Model 5: Model Giving Primacy to Work-and-Expression

a) Model 5 consists of two entities: a combined entity of work and expression and the manifestation, where the former is given primacy (see figure 5). A work-and-expression (hereafter W-E) instance is usually established for a smaller unit, namely, that of the expression, not the work, and creating that instance is mandatory. A manifestation is also required for every resource, while the manifestation is a “weak” entity dependent on W-E. The cardinality of the relationship between W-E and manifestation is many-to-many.

If we were to give primacy to the manifestation among these two entities, the resultant model would be substantially equivalent to Model 2, i.e., the manifestation-dominant model. This section therefore deals with the model giving primacy to the W-E entity.

Meanwhile, the distinction between the above two entities in this model is similar to that between “Work” and ‘Instance” in the BIBFRAME model. BIBFRAME’s “Work” and “Instance,” which are defined as RDF classes, correspond to the combined W-E and the manifestation, respectively.23 However, BIBFRAME seems to adopt a policy that does not give primacy to either class (i.e., entity), since it is intended to be used to accept a wide variety of metadata, including metadata based on any model, i.e., a “Work”-dominant model and an “Instance”-dominant one.

b) Both the relationship representing “creation” and that representing “realization,” like revision and translation, are drawn between W-E and PFC. These two relationships are not differentiated with the associated instances, without relationship designators.
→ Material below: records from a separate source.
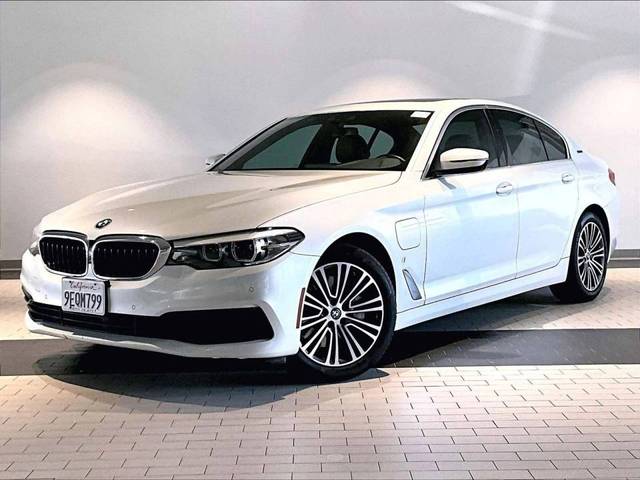 2019 BMW 5 Series 530e iPerformance RWD photo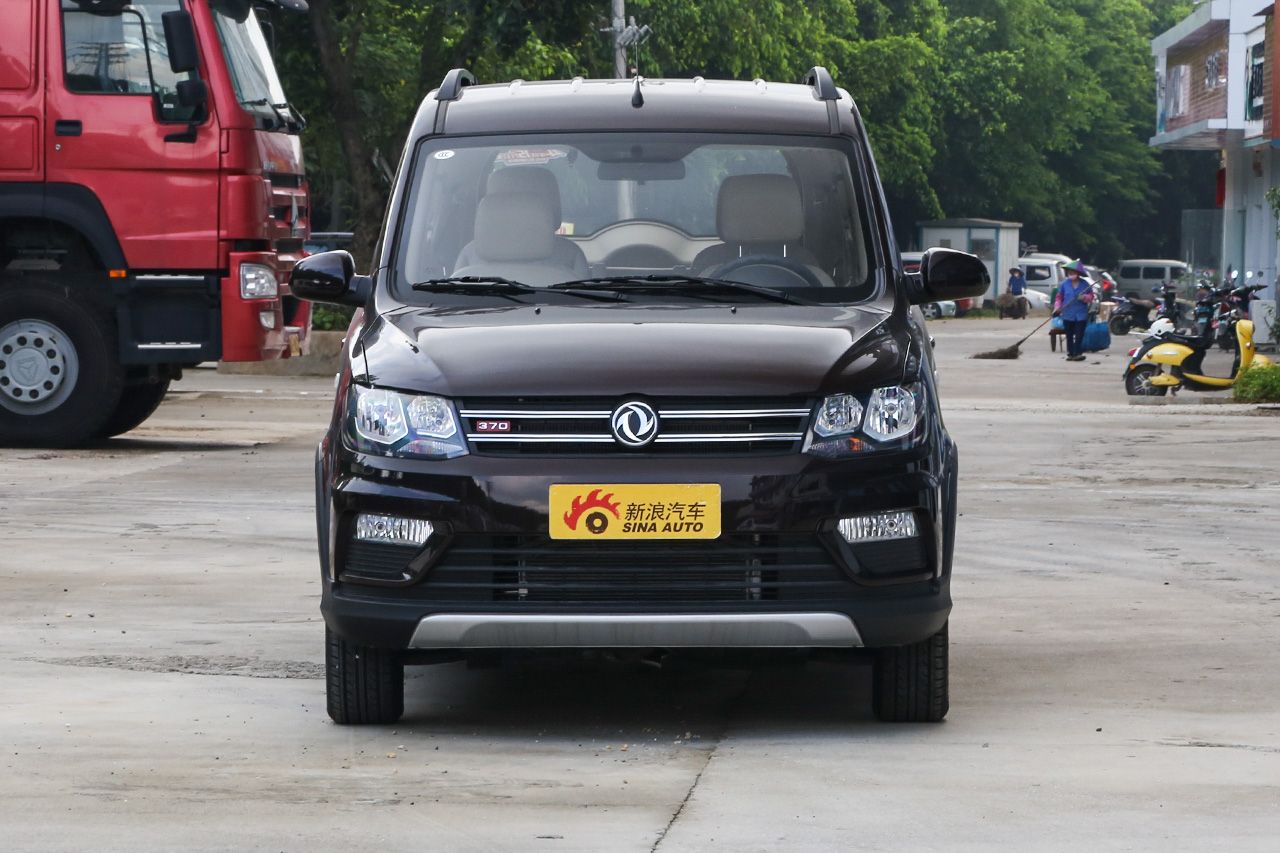 2016款风光370 1.5L手动标准型7座 摩卡棕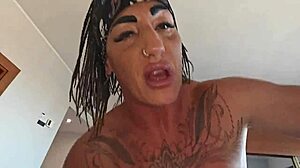 Tattooed bodybuilder mikexmoreno deepthroats and gets extreme assfucking with big clit exposed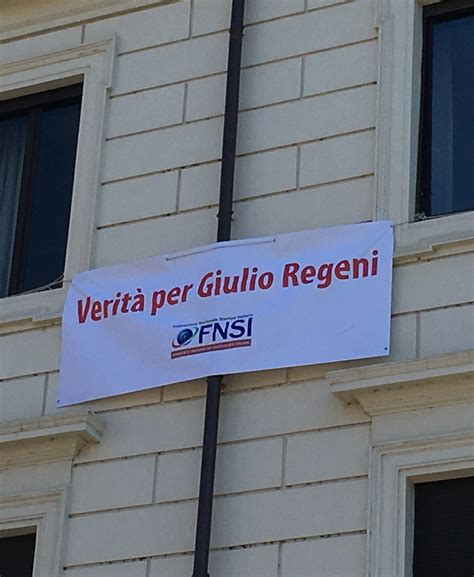 Verità per Giulio Regeni da oggi lo striscione anche fuori dalla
Figure 5 depicts these relationships between W-E 1 and PFCs 1 and 2.

c) It is not clear whether titles and statements of responsibility that appear in or on a resource are associated with the W-E or the manifestation; both would be possible. If the first choice is adopted, the resultant model will be similar to Model 1. In contrast, if the second choice is adopted, the resultant model will be similar to Models 2 and 4. The W-E entity puts together attributes associated with the work and the expression in FRBR as a result of the entities integration.

d) When an aggregate host has a collective title, (1) a W-E instance is developed in a resource model for an individual component within the host; (2) the title of a component is associated with that instance for the component; and (3) a W-E instance for the host is developed separately and has whole/part relationships to the W-Es for the components. In comparison, when a host lacks a collective title for the entire resource, there are two scenarios. One is that W-Es for individual components with their own titles are developed in a resource model, and these instances are linked to the same manifestation for the host resource. No W-E for the host is of course created. The other is that just one W-E, in addition to one manifestation, is developed in a resource model for the host, with its title being recorded is the combination of individual titles of the components. No instance for a component is created in this scenario.

e) For the cases of abridgement, revision, etc., different W-Es from the instances based on for abridgement, etc. are created in this model. Hence, collocation at the work level, which aggregates all expressions under a certain work such as original expression, derivative ones, etc., is not attained in this model. Introducing another upper-level entity like “super-work” is needed to attain that collocation, but this results in a similar model to Model 1, i.e., the expression-dominant model.

f) Resources with equivalent content but different physical characteristics result in different manifestations for individual resources. These instances are linked to the same W-E corresponding to that content.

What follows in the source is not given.